[3/16/22: edited title to reflect the cutoff of Russian markets from investors]
I've been thinking through the endgame scenarios for the Ukraine war. The following article somewhat summarizes my thoughts.
https://www.marketwatch.com/story/russias-invasion-of-ukraine-4-ways-this-war-could-end-11646324852?mod=mw_latestnewsOutcomes:1) Putin retreats or a treaty is agreed to
2) Russia gets into a decade-long quagmire
3) New Iron Curtain
4) NATO vs. Russia war
In scenarios 1 or 2, Russian stocks could recover dramatically, even if they are limited by sanctions to their domestic market. Of course, if the ruble keeps falling they won't earn much for Western investors.
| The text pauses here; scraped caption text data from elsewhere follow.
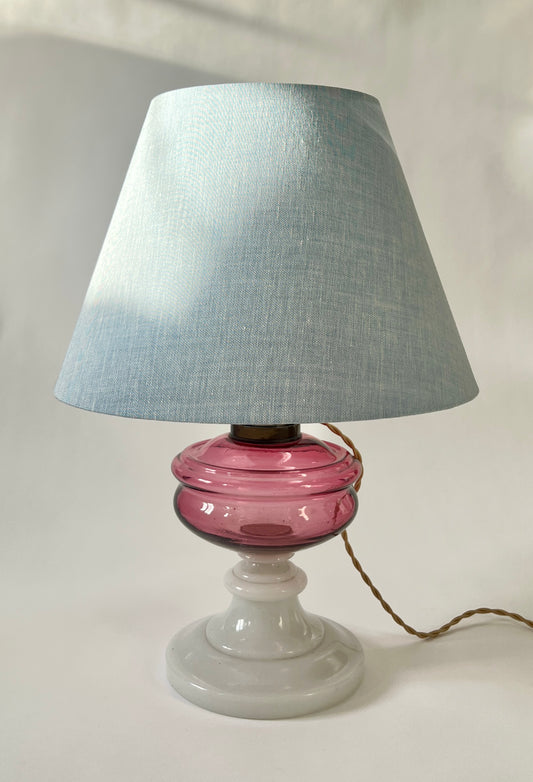 French Glass Table Lamp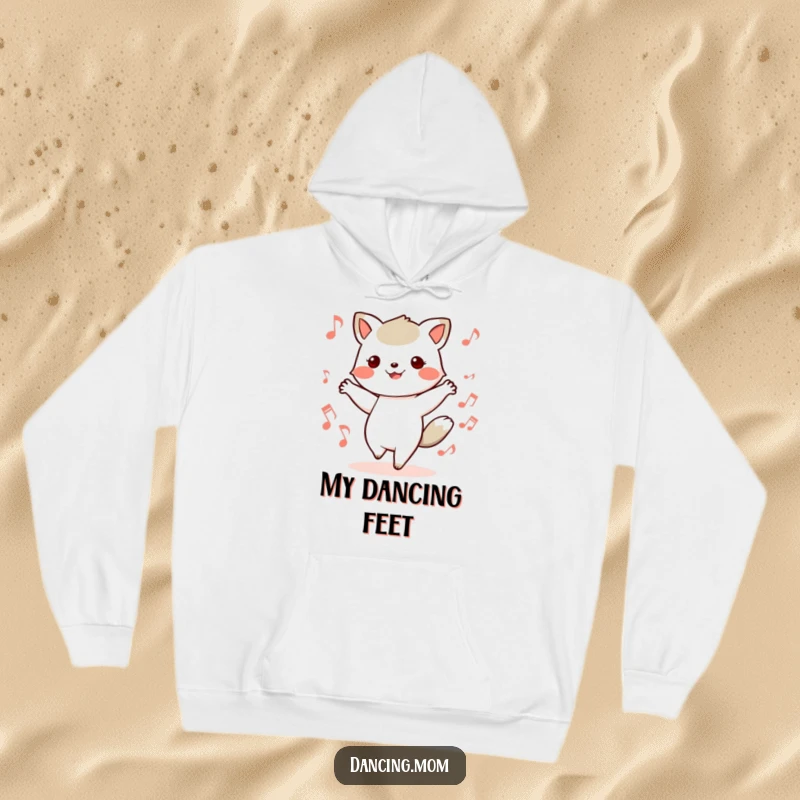 Funny hoodie with a kawaii dancing animal in motion, surrounded by musical notes, celebrating the joy of music.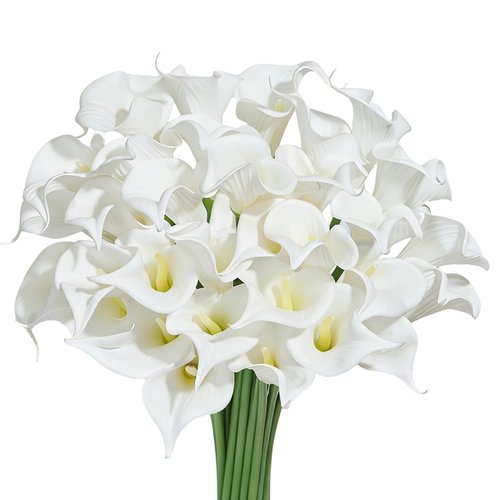 Heleze 30 PCS Artificial Calla Lily Flowers Bouquet Faux Branches for Vase Fake Flower 13.5" Real Touch for DIY Mother's Day Wedding Party Decoration Pure White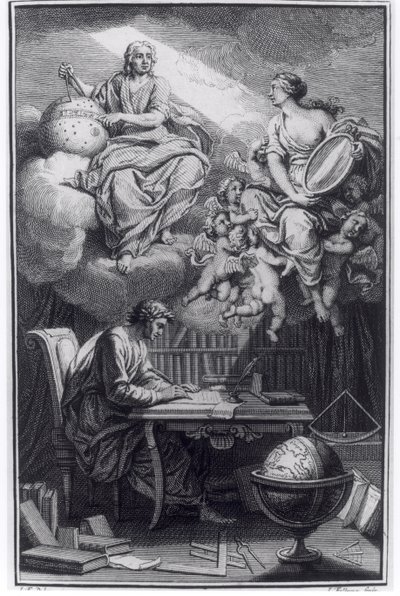 Frontyspis Elements de la Philosophie de Newton autorstwa Voltaire (1694-1778) opublikowany w Amsterdamie, 1738 autorstwa Dutch School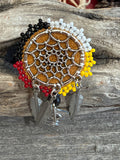 Copper Beaded Badge Reel, Native American Beadwork ID Holder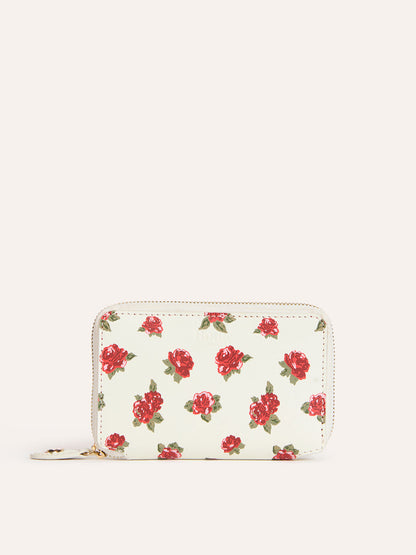 RISTRETTO ecru floral leather zippered wallet, front view by Rouje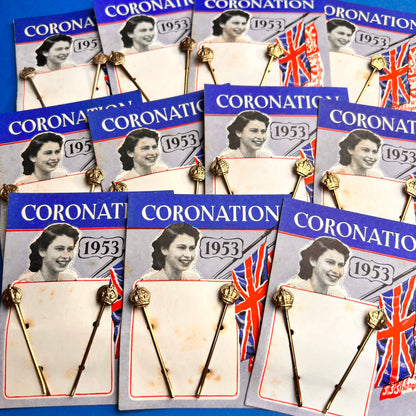 10 Genuine (slightly grubby) 1953 Queen Elizabeth 11 CORONATION Hair Pins with CROWNS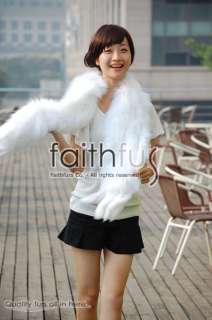 Real Knitted White Fox Fur Scarf/Shawl/Stole/Wrap/Cape  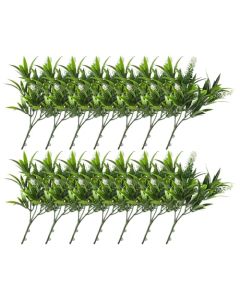 E&K 14 PCS Artificial Plants Faux Bushes Plant Decoration for Home Garden Wedding Party Indoor Outdoor (Green White)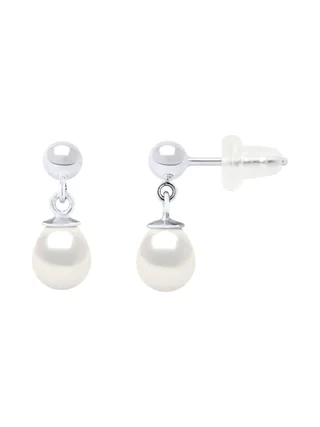 Boucles d'Oreilles Véritables Perles de Culture d'Eau Douce 6-7 mm — Or Blanc 375 Millièmes 1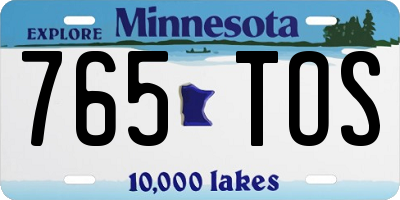 MN license plate 765TOS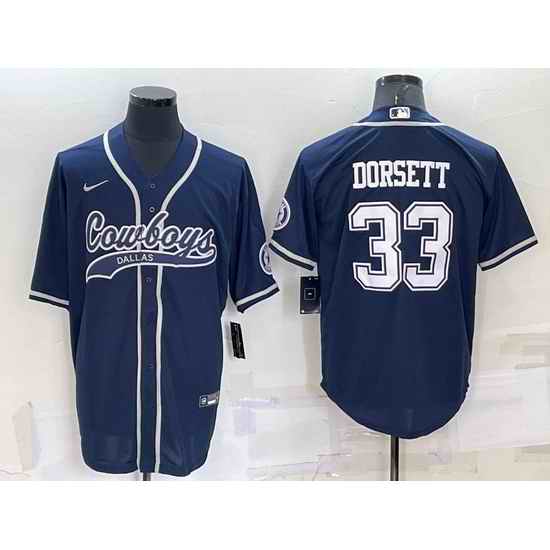 Men Dallas Cowboys #33 Tony Dorsett Navy Cool Base Stitched Baseball Jersey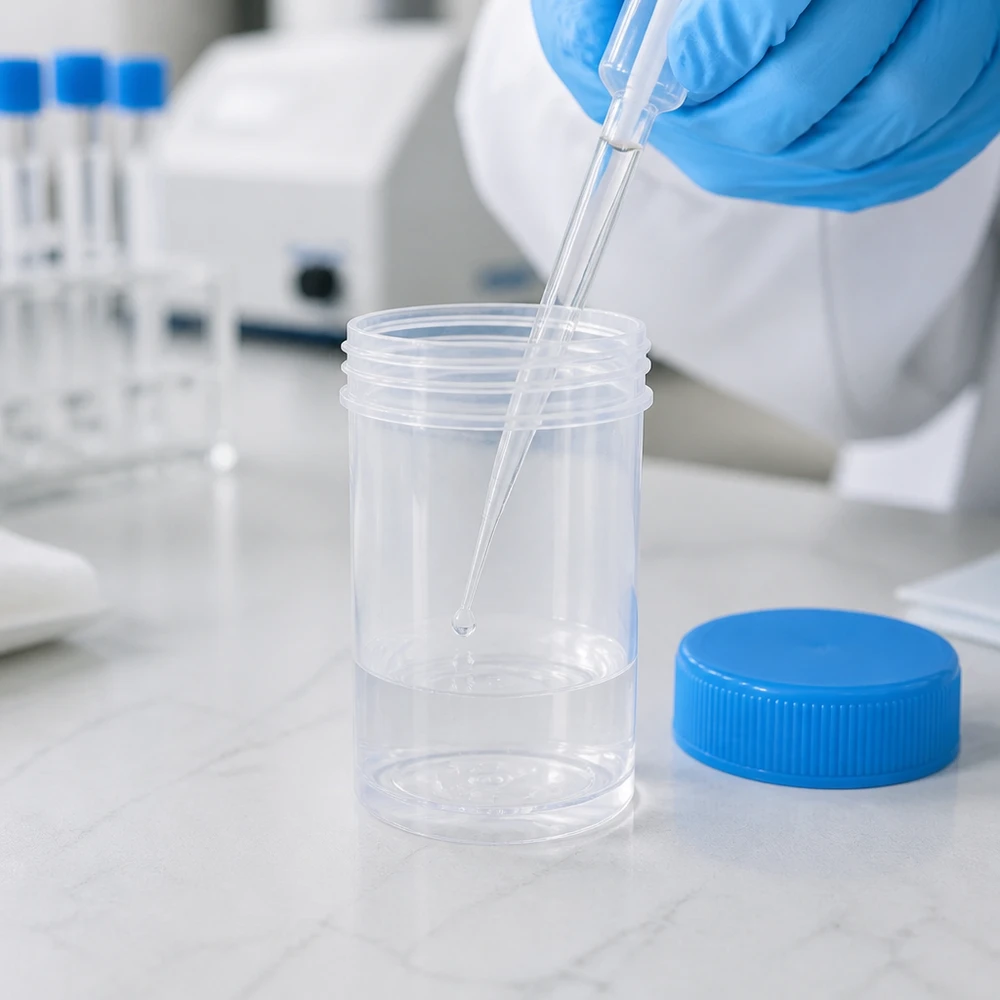 Laborant pipetuje próbkę do uniwersalnego plastikowego pojemnika o pojemności 35 ml z niebieską pokrywką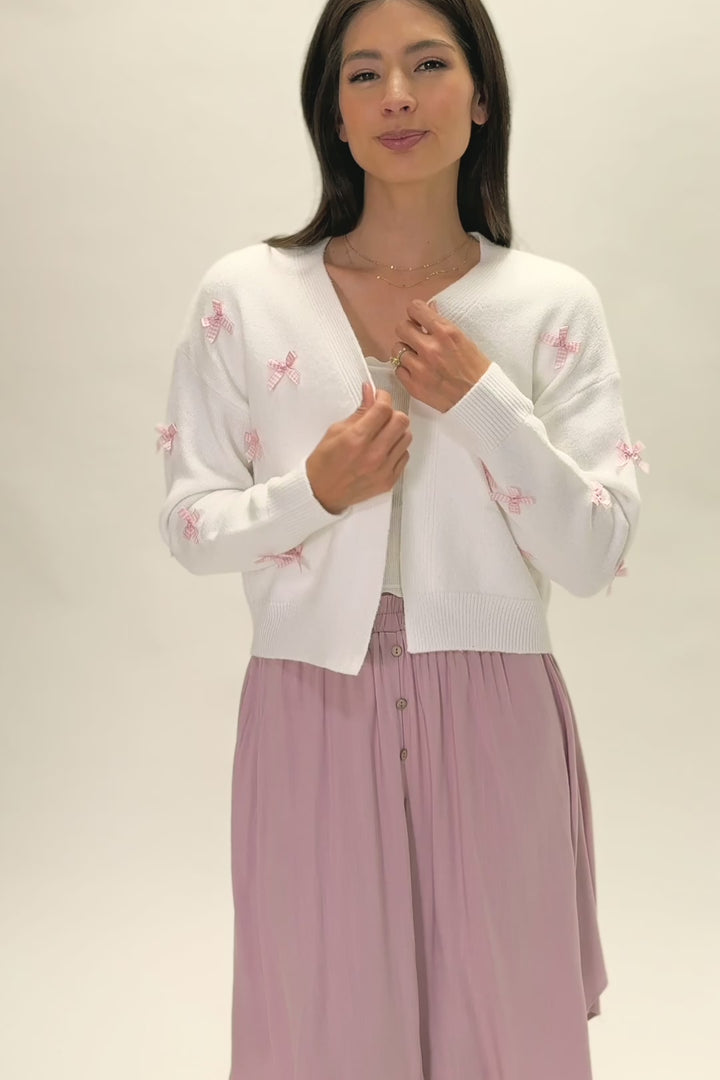 Odalis Bow Knit Cardigan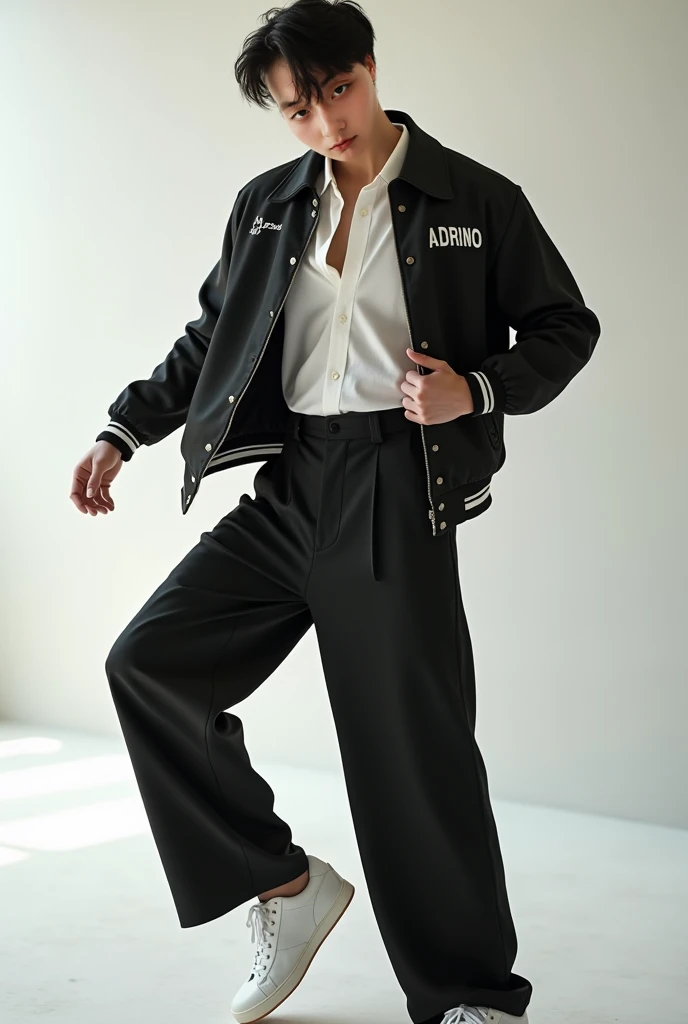 Korean Male handsome dancer with a varsity jacket and fitted shirt ,this photo for Adrino  ahoes product advertisement postee,wide trousers ,focus adrino jacket products,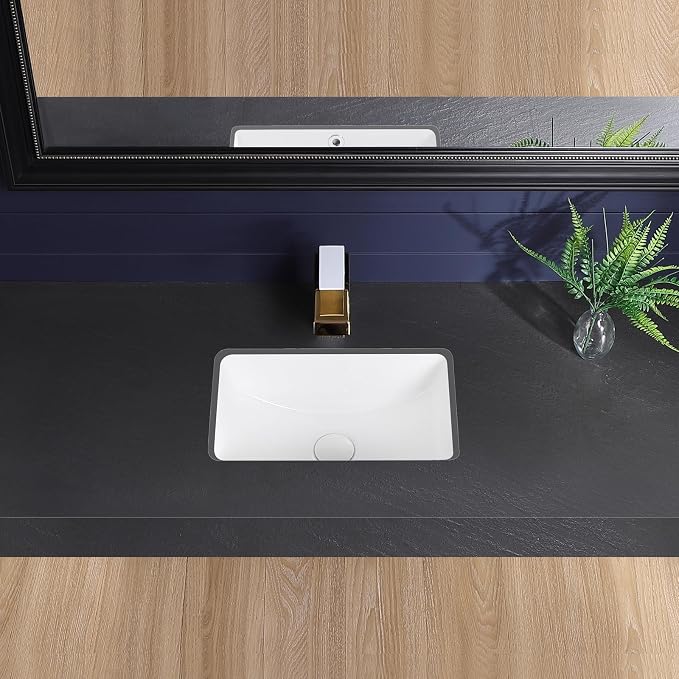 Undermount Bathroom Sink 17x11 Inch Small Bathroom Sink White Porcelain Ceramic Bathroom Under Counter Lavatory Vanity Sink Basin Rectangular Undermount Sinks with Overflow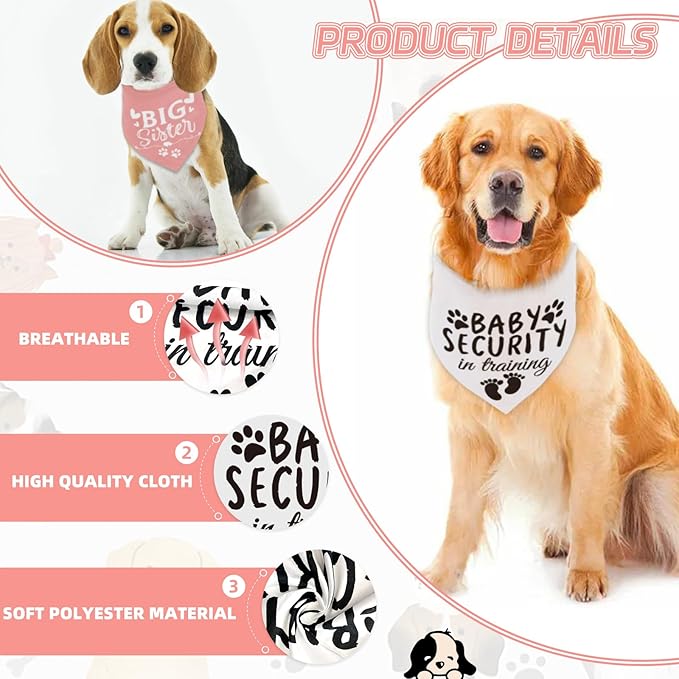 Dog Bandana Pregnancy Announcement Big Sister Doggy Bandana Baby Security in Training Printed Dog Bandanas Baby Announcement Puppy Scarf Pregnancy Pet Bandana for Dogs Pet Scarfs Accessories
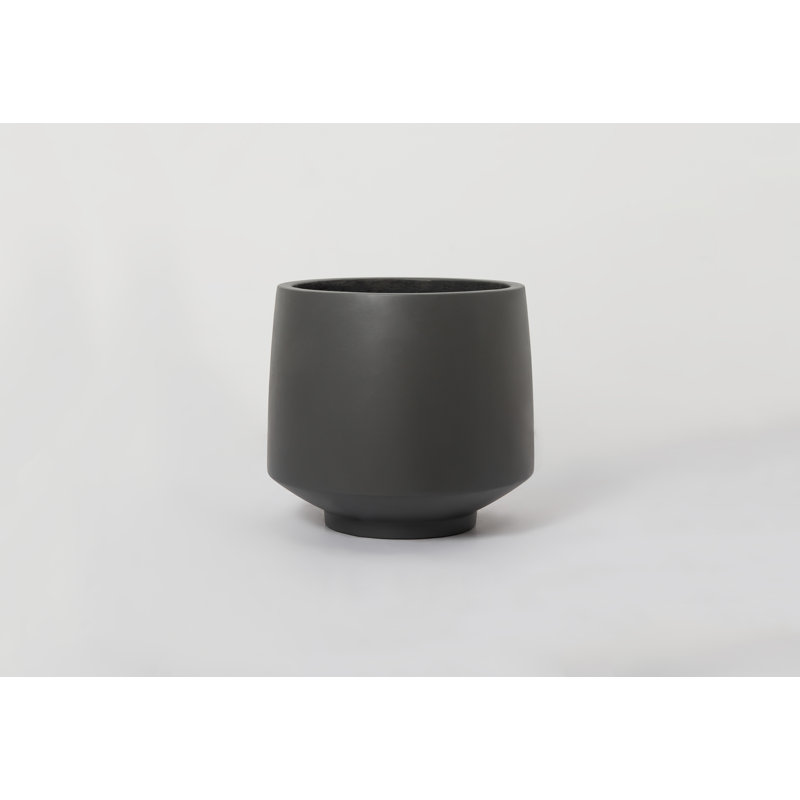 Finnuala Handmade Pot Planter, 11" H x 11.25" W x 11.25" D, Cement Charcoal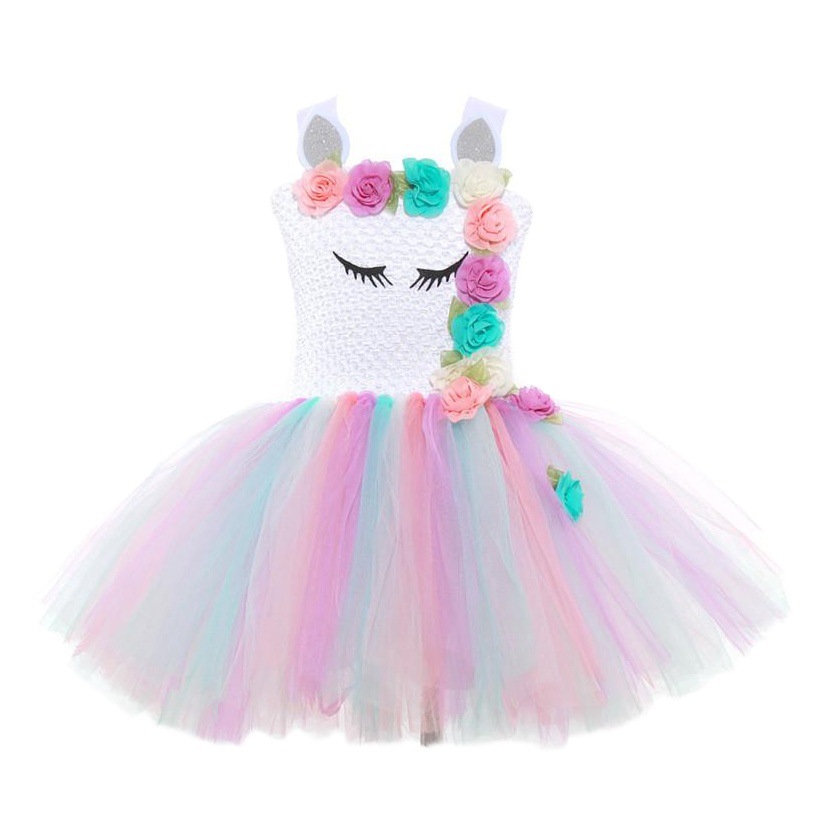 European and American Cross-Border Supply Tutu Dress Unicorn Children's Performance Costume Cartoon Role-Playing Dress Little Princess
Scenarios 3 and 4 could involve bans on foreign ownership and investments going to zero.
Yes, these are speculative penny stocks. But at some point, we have to recognize that Gazprom and Lukoil will continue selling gas/oil to Europe and China as they are doing today, Russian banks will continue to earn profits in Russia, etc. I don't think we're looking at communist-style nationalization, but it's possible in scenarios 3 and 4. Putin's new Soviet Union may continue to have capitalistic elements such as a stock market (now closed for 4 days like in 1998), foreign ownership of shares (like China), open forex markets (like now, still) etc.
Russian stocks are now selling at TTM PE ratios less than 0.5 to the extent they are still trading. At some point, if one assigns any probability whatsoever of Russia not collapsing Venezuela-style, private property rights of foreigners still existing in the future, and the world still needing oil and gas a couple years from now, it makes sense to gamble at some level of cheapness. Even if their long-term earnings are cut in half, you're still buying a stock with a PE ratio of, what, one?
Maybe now is the height of the panic / liquidity squeeze due to the Russian stock exchange being temporarily closed. I assign the most weight to scenario #2, so I can imagine these shares rebounding quickly. Your thoughts?